<<<<
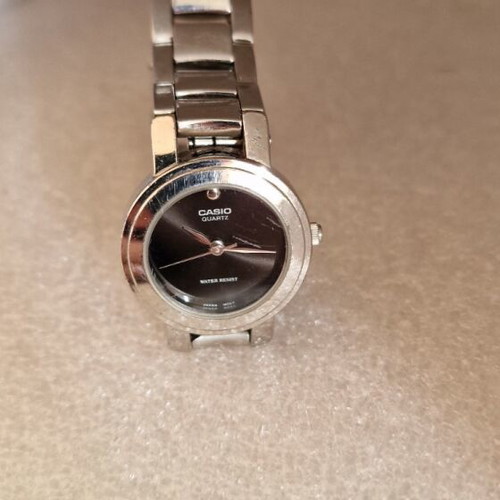 Casio women's watch used with black dial and metal bracelet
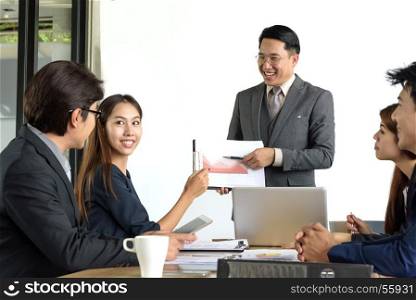 asian professional businessman present financial chart with team in the meeting, selective focus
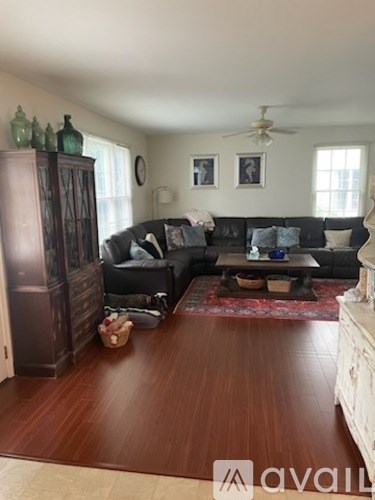 A living room with a black couch and a wooden floor.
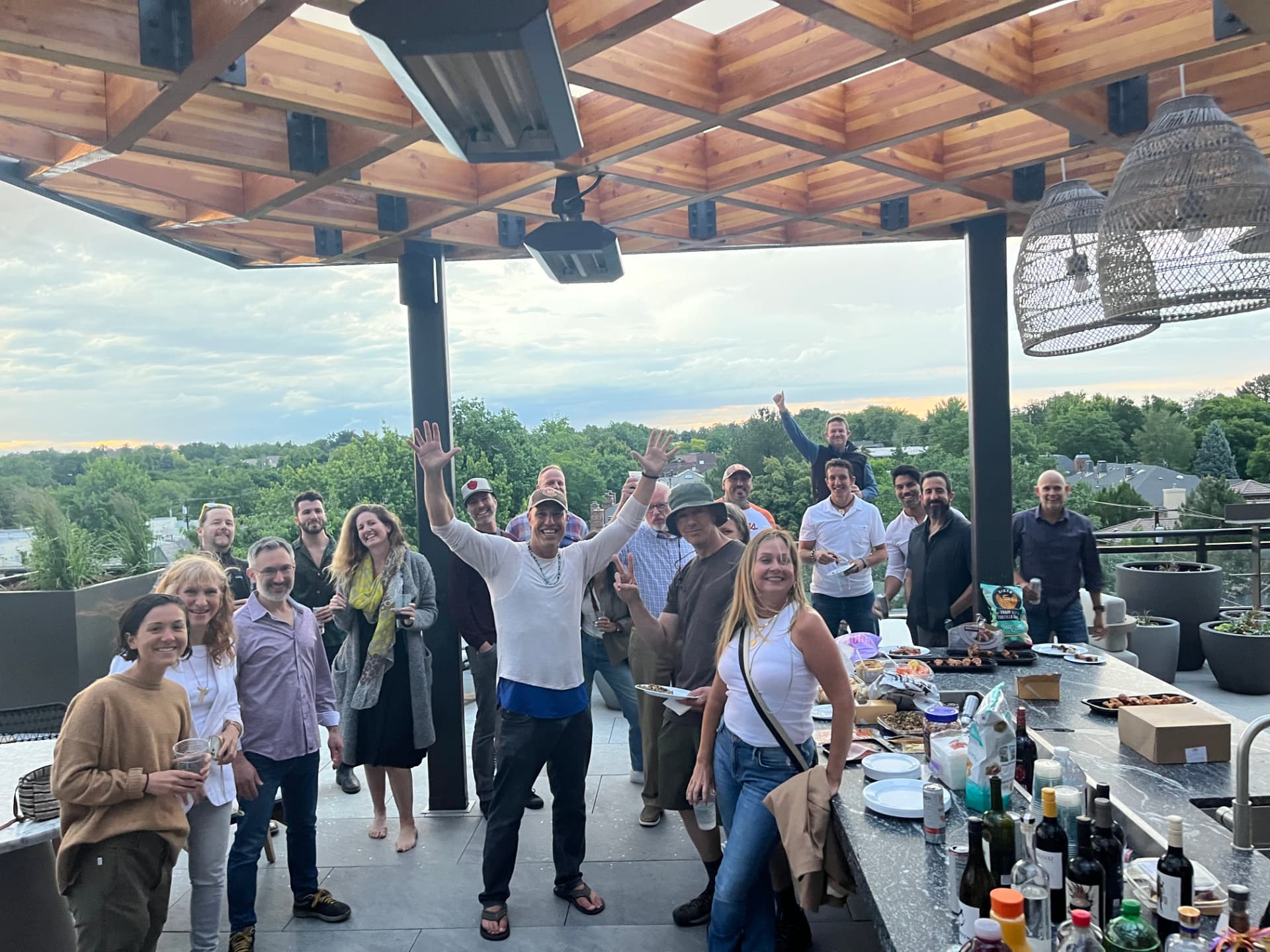 316 community gathered on a rooftop patio at sunset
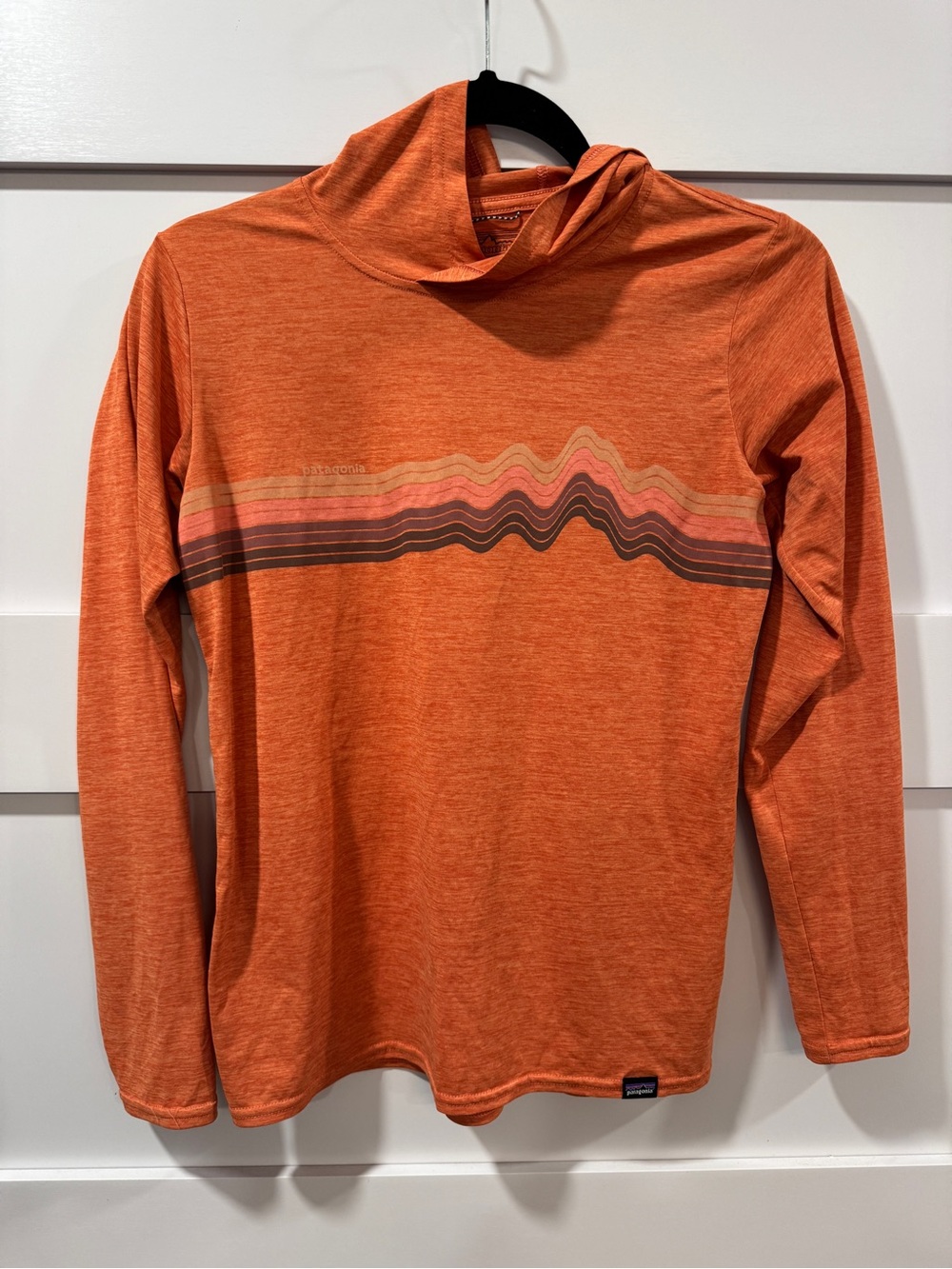 Patagonia women’s Orange Capilene Cool Daily Sun Hoodie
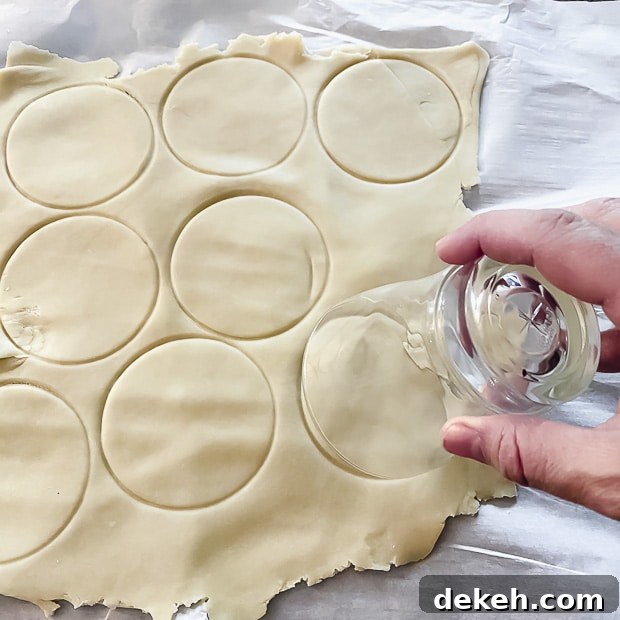 Using a glass make dough circles to make hamantaschen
>>>>
■ **Assignment**
What is needed is a verbatim copy of the material, minus its pictures.

■ **Solution for this task**
 Casio women's watch used with black dial and metal bracelet
 asian professional businessman present financial chart with team in the meeting, selective focus
 A living room with a black couch and a wooden floor.
 316 community gathered on a rooftop patio at sunset
 Patagonia women’s Orange Capilene Cool Daily Sun Hoodie
 Using a glass make dough circles to make hamantaschen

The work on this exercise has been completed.